Pameran ini digelar pada 20–21 September 2025. Di baliknya ada seorang mahasiswa Ilmu Komunikasi Universitas Tanjungpura, Syech Nauval Salsabil Saman, yang bersama timnya menggagas Menjaring Tutur dengan dukungan Balai Pelestarian Kebudayaan Wilayah XII Kalbar. Selama dua hari, rumah budaya itu dipenuhi karya 20 seniman muda lokal yang berhasil “menangkap” kembali kekayaan tradisi lisan Kalimantan Barat.

Dari Kata ke Kanvas
Nauval percaya, di tengah derasnya arus zaman, tradisi lisan berisiko memudar jika tidak diangkat kembali. “Tradisi lisan adalah warisan budaya yang harus dilestarikan. Agar lebih melekat di ingatan, kami mencoba mengalihwahanakannya ke dalam bentuk visual. Manusia cenderung lebih mudah memproses gambar daripada kata-kata,” jelasnya.
Karena itu, Menjaring Tutur tak sekadar pameran seni rupa. Ia adalah eksperimen lintas medium: cerita rakyat, mitos, hingga pengalaman komunitas yang dulu hidup di lisan, kini ditafsirkan ulang lewat bahasa visual.
Perjalanan yang Penuh Tantangan
Membangun sebuah pameran tentu tak mudah. Nauval mengakui banyak hal harus dihadapi: koordinasi tim, keterbatasan sumber daya, hingga memastikan pesan dari tiap karya bisa sampai ke publik. Namun, alih-alih menyerah, ia dan tim menjadikan tantangan itu sebagai ruang belajar. “Justru tantangan ini mempererat kolaborasi antaranggota. Dengan kerja sama dan dukungan banyak pihak, akhirnya Menjaring Tutur bisa hadir dan dinikmati bersama,” ujarnya.

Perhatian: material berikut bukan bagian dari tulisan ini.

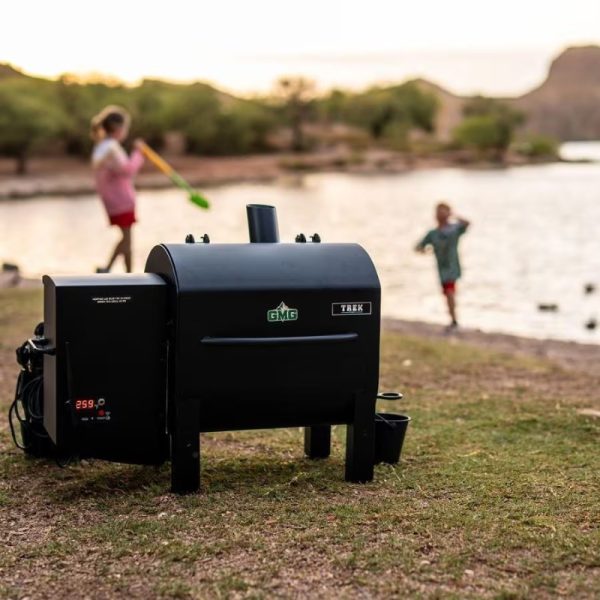 GMG Trek pellet grill positioned on the grass near a lake, with children playing in the background. Ideal for outdoor cooking and family gatherings.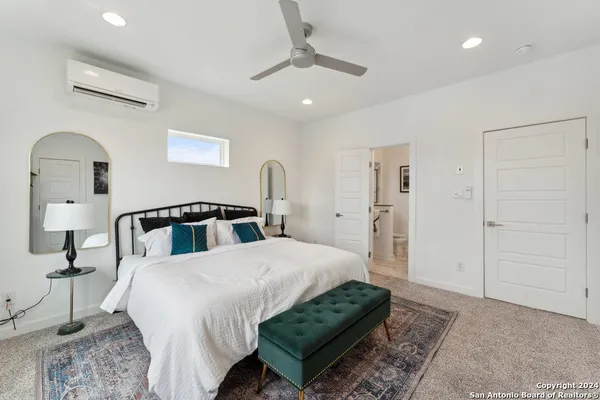 a spacious bedroom with a bed a chandelier and a dresser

Prosesnya dimulai dengan open call, lalu para seniman mengikuti lokakarya intensif dua hari untuk menggali cerita lisan. Setelah itu, mereka diberi waktu sekitar sebulan untuk menuangkan cerita ke dalam karya lukisan. Hasilnya, 20 karya yang berdiri berdampingan, saling berbisik satu sama lain, seolah membawa pengunjung menyusuri jejak nenek moyang.

Sambutan Hangat
Bagi penggiat seni, Menjaring Tutur menawarkan sesuatu yang segar: tradisi lisan yang ditampilkan dengan pendekatan visual. Publik pun menyambutnya antusias. “Alih wahana tradisi lisan menjadi lukisan merupakan bentuk baru dalam tema pameran yang disambut baik, terutama oleh penggiat tradisi lisan dan seniman itu sendiri,” kata Nauval.
Suasana itu terasa jelas di ruang pamer. Pengunjung muda terlihat berdiskusi, menunjuk detail karya, bahkan mengaitkannya dengan cerita-cerita yang pernah mereka dengar dari keluarga. Pameran ini berhasil membuka ruang dialog, bukan hanya antara seniman dan penonton, tapi juga antara generasi sekarang dengan warisan budaya lampau.
Lebih dari Sekadar Pameran
Bagi Nauval, keberhasilan Menjaring Tutur bukan diukur dari banyaknya pengunjung, tapi dari kesadaran yang tumbuh setelahnya. “Harapan jangka panjang saya adalah, semoga dari pameran ini bisa lahir pergerakan baru dari masyarakat, terutama anak muda, untuk terus melestarikan budaya yang kita punya,” tuturnya.
Jangka pendeknya, ia berharap pameran ini bisa jadi ruang edukasi. Tempat di mana orang belajar melihat kekayaan tradisi lisan bukan hanya sebagai masa lalu, tapi juga sebagai identitas yang layak dijaga.
Menjaring Kenangan, Merawat Ingatan
Menjaring Tutur pada akhirnya bukan hanya soal seni rupa. Ia adalah jembatan: antara tutur dan visual, antara generasi tua dan muda, antara ingatan dan masa depan. Di balik kanvas yang terpajang, ada pesan yang sederhana namun dalam — bahwa cerita-cerita nenek moyang kita tak seharusnya hilang begitu saja, melainkan terus dirawat dan diwariskan, dengan cara apa pun yang bisa menjangkau zaman.